[WHAT YOU SHOULD DO]: In the records below, find the line with "Natures Sunshine Cascara", then retype it and every following line exactly, stopping after the line with "361° Air Force". Leave the pictures out.

[RECORDS FOR PROCESSING]:
*-*-*

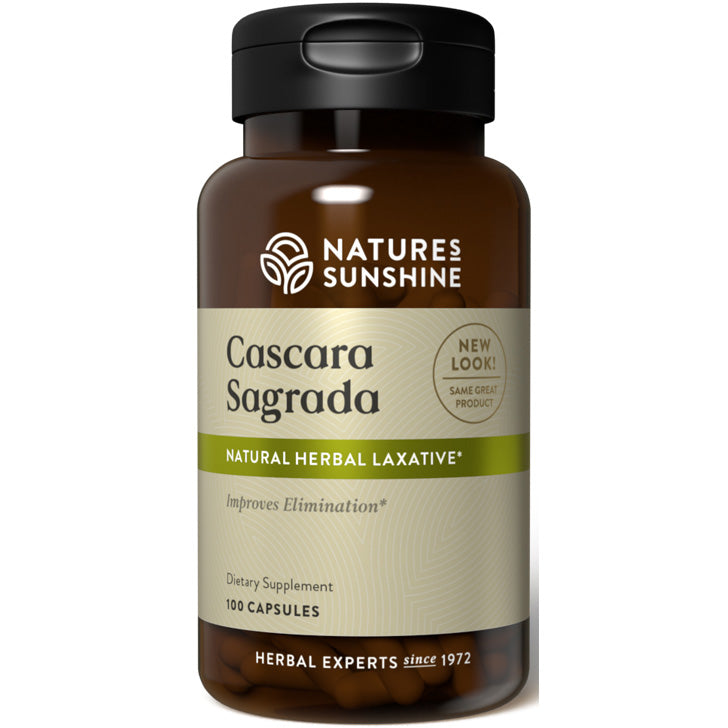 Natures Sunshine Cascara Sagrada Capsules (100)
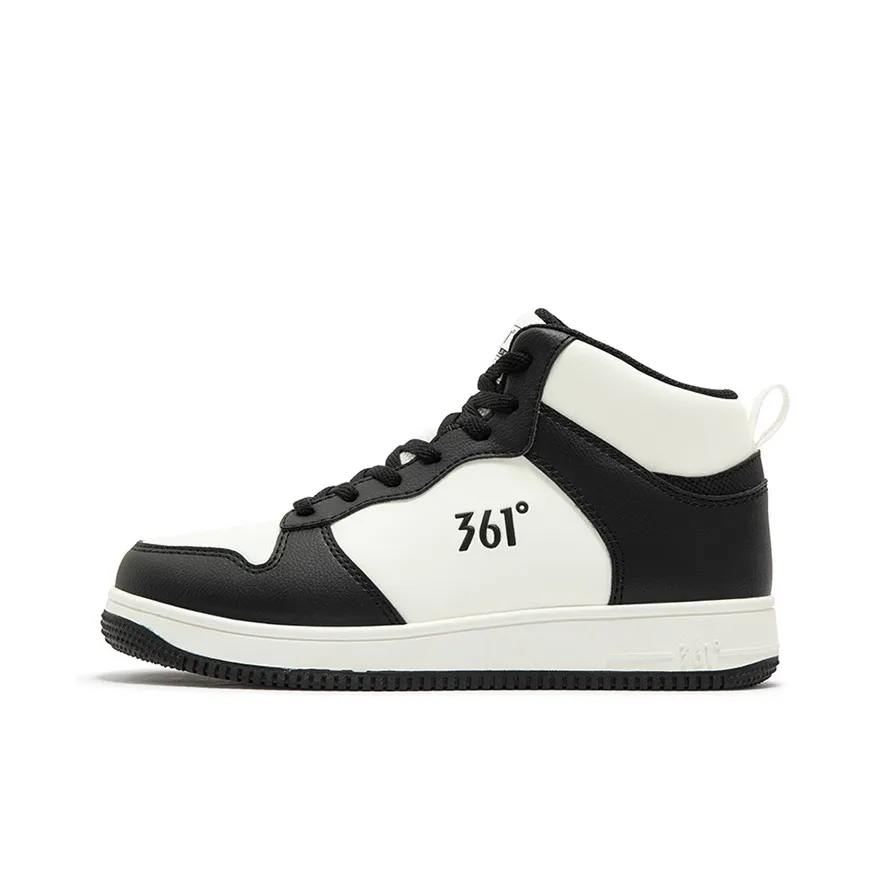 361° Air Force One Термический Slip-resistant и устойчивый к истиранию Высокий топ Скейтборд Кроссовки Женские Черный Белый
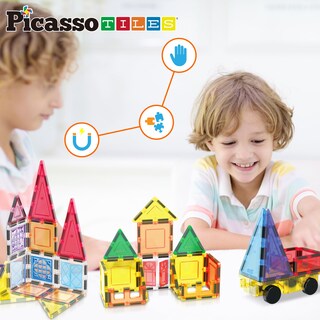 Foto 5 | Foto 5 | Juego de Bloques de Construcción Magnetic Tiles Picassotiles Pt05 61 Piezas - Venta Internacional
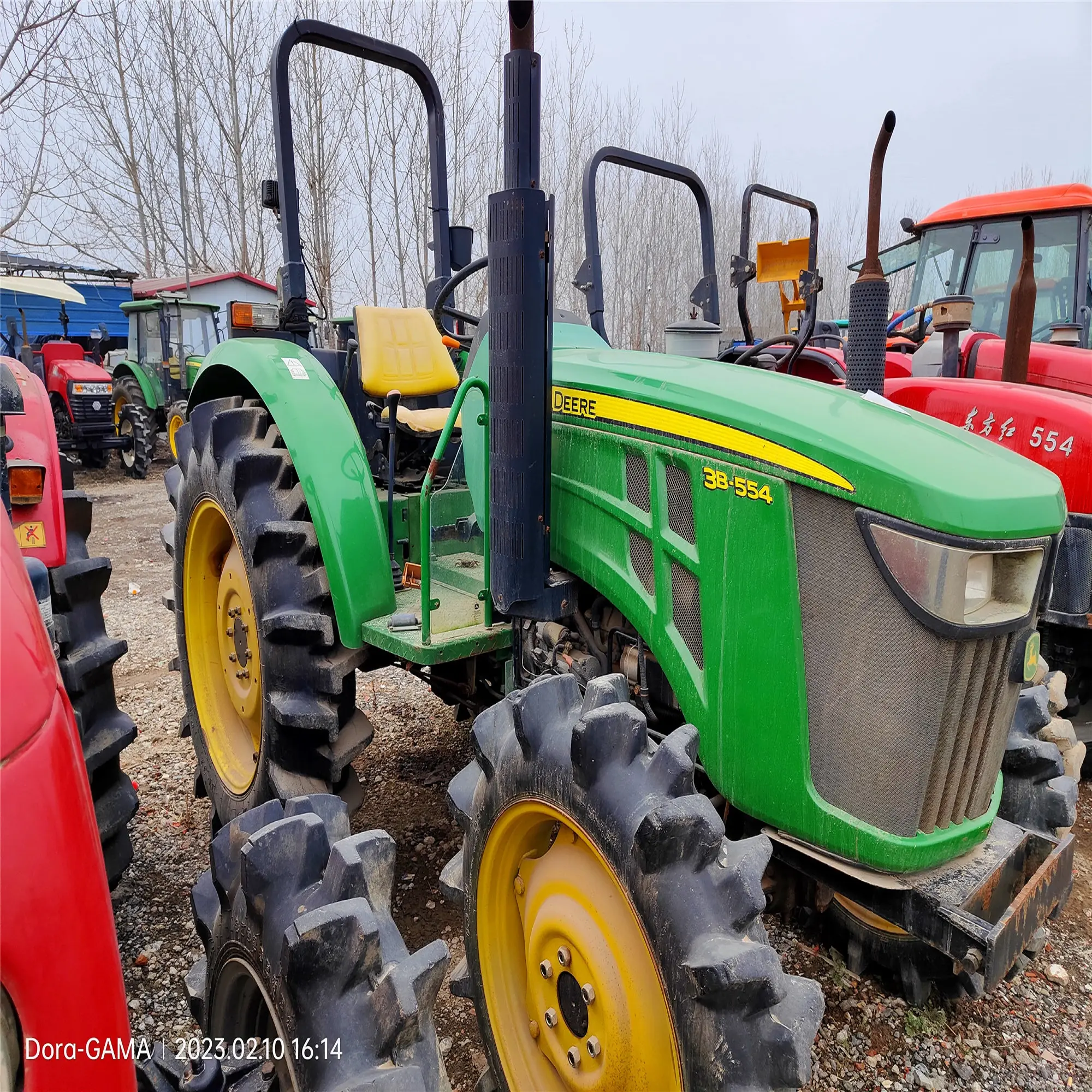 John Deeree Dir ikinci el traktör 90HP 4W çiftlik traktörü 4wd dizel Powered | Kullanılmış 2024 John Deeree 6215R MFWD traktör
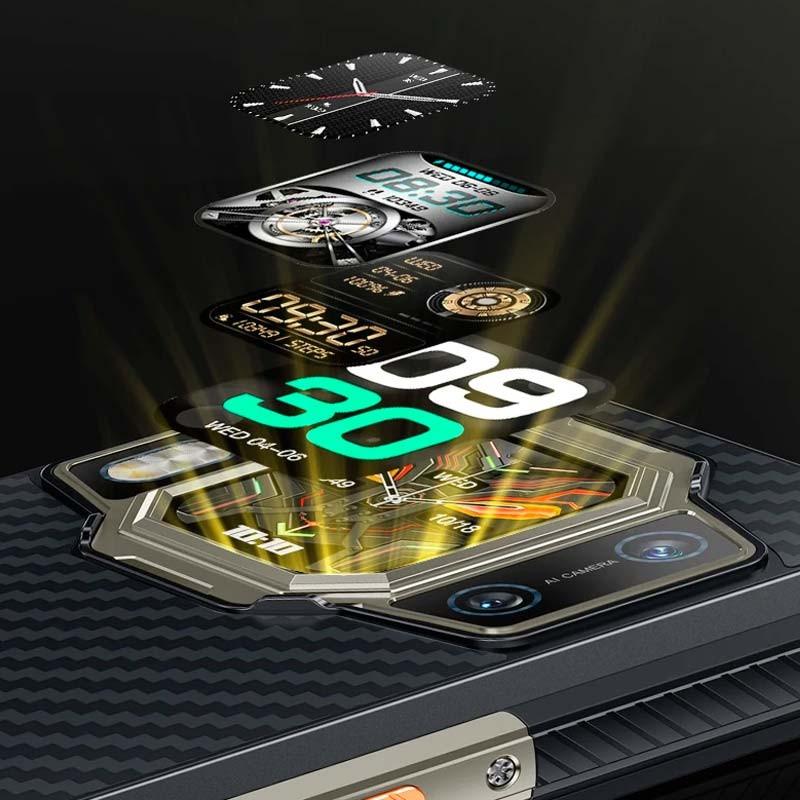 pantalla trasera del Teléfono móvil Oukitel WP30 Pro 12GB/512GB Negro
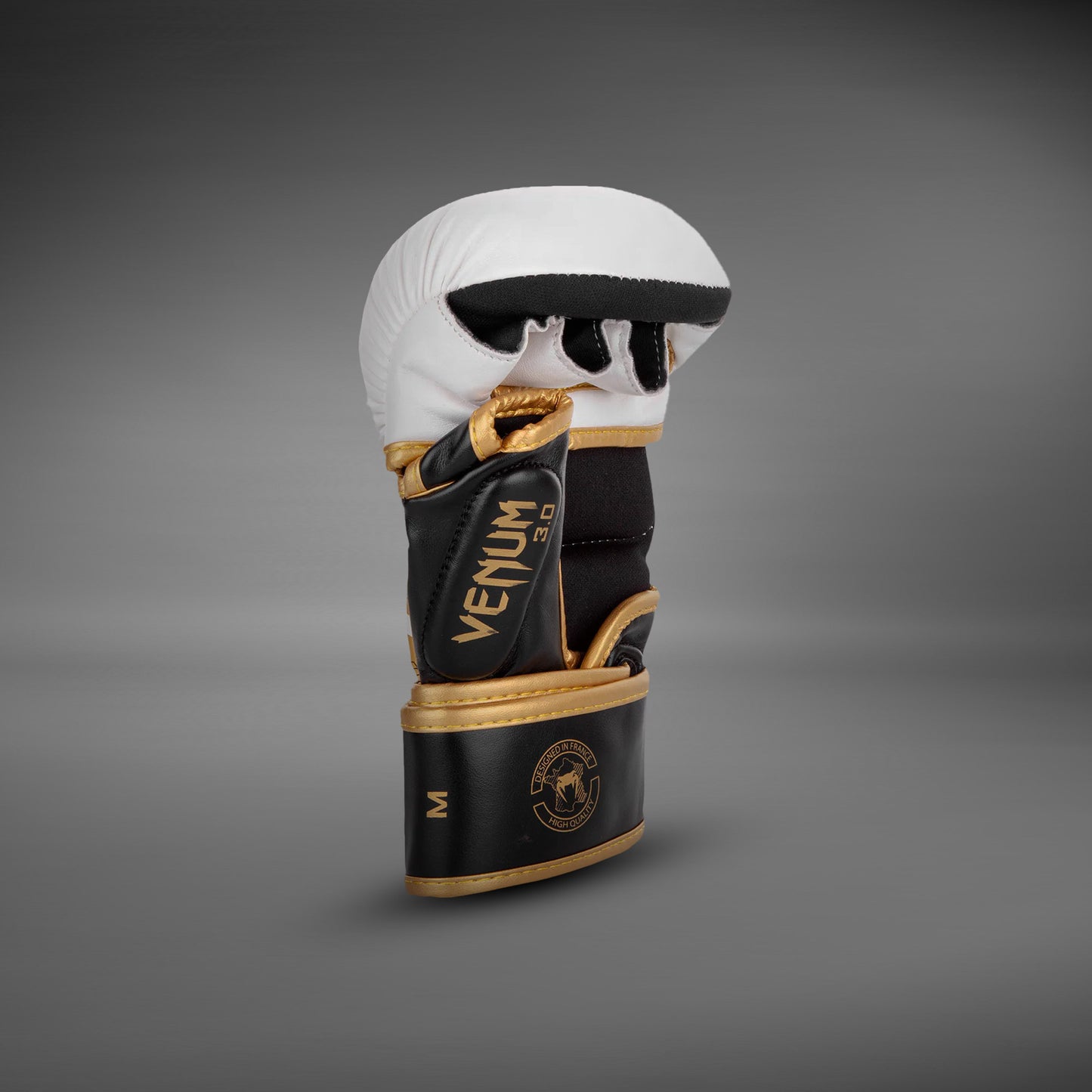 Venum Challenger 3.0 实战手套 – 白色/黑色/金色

*-*-*

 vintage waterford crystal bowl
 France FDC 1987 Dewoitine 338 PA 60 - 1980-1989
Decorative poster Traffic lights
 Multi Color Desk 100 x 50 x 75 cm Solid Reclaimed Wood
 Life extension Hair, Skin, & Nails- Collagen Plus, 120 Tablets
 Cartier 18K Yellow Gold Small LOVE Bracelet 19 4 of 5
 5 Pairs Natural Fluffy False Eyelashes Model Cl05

*-*-*

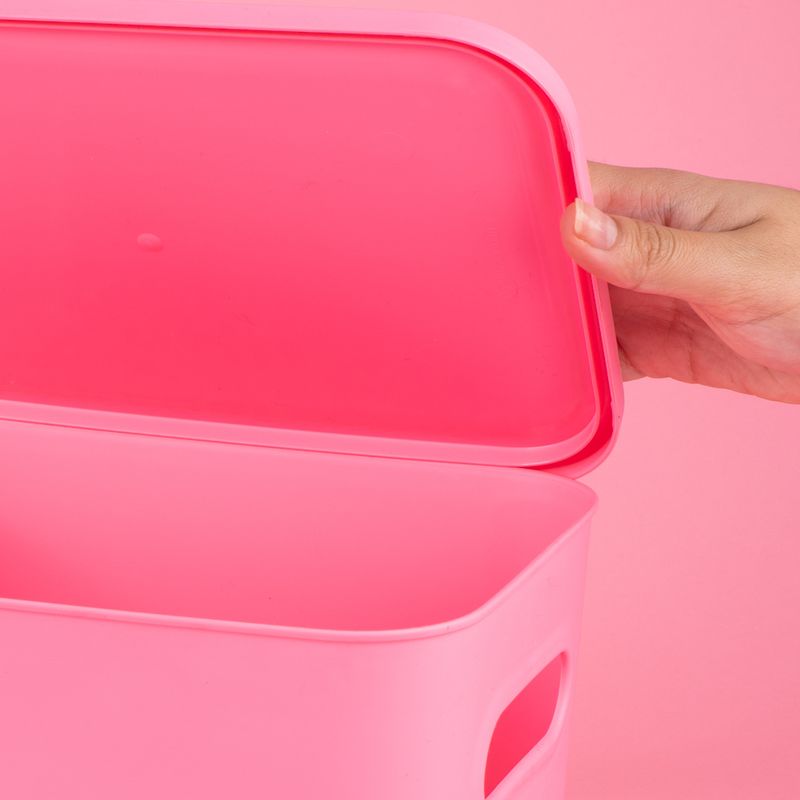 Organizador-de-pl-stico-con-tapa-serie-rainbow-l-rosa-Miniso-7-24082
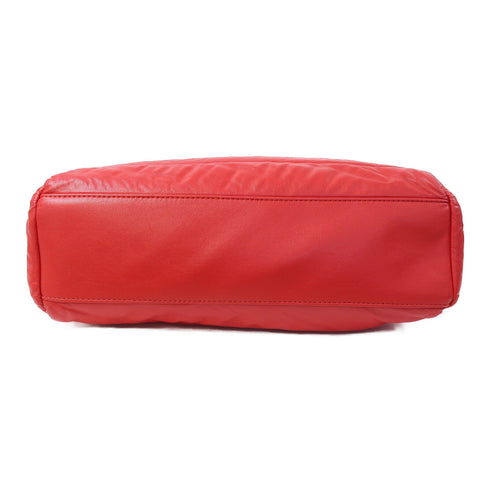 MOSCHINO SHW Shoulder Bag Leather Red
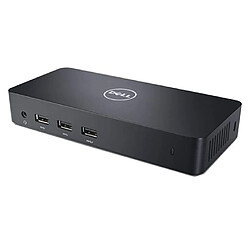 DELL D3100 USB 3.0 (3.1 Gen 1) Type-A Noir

*-*-*

[ANSWER AREA]:
 Natures Sunshine Cascara Sagrada Capsules (100)
 361° Air Force One Термический Slip-resistant и устойчивый к истиранию Высокий топ Скейтборд Кроссовки Женские Черный Белый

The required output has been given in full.